The provisions of the Constitution and statute law, which the petitioner contends to have been violated by the appropriation of "expense money," are as follows:
Section 9 of Article 3 of the Constitution: "Members of the General Assembly shall not receive any compensation for more than forty days of any one session."
Section 19 of Article 3. "Each member of the General Assembly shall receive five cents for every mile for ordinary route of travel in going to and returning from the place where its sessions are held; no General Assembly shall have the power to increase the per diem of its own members; and members of the General Assembly when convened in extra session shall receive the same compensation as is fixed by law for the regular session."
Section 30 of Article 3: "The General Assembly shall never grant extra compensation, fee or allowance to any public officer, agent, servant or contractor after service rendered, or contract made, nor authorize payment or part payment of any claim under any contract not authorized by law; but appropriations may be made for expenditures in repelling invasions, preventing or suppressing insurrection."

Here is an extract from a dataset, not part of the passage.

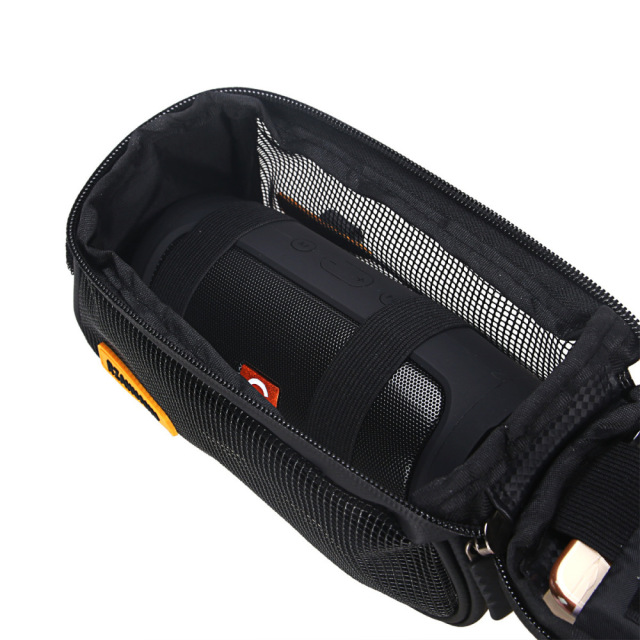 Bicycle bag golf front beam bag mountain bike head audio bag cell phone navigation top tube bag cycling accessories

Section 16, 17, and 18 of the Civil Code of 1922:
"(16) Members of the General Assembly shall receive as compensation for their services the sum of four hundred dollars for each session and mileage at the rate of five cents per mile for the actual distance traveled in the most direct route going to and returning from the place where the session of the General Assembly shall be held; and the Speaker of the House of Representatives shall receive a salary of three hundred and fifty dollars per session, in addition to his compensation as a member. * * *
"(17) The Clerk of the Senate shall, on the first day of each session, draw a pay certificate of five dollars in favor of each Senator, and the Clerk of the House of Representatives shall likewise, on the first day of each session, draw a pay certificate of five dollars in favor of each member of the House of Representatives, which shall be given in lieu of all stationery and postage to be used by such Senator or Representative in his official capacity during each session, and to be in addition to his per diem and mileage.
"(18) The Clerks of the Senate and of the House of Representatives shall each furnish for their Houses, respectively, for their use and for the use of their several Committees, such stationery as may be necessary for each session; the amount so to be furnished for the Senate not to exceed one hundred dollars, and that so furnished for the House of Representatives not to exceed one hundred and fifty dollars."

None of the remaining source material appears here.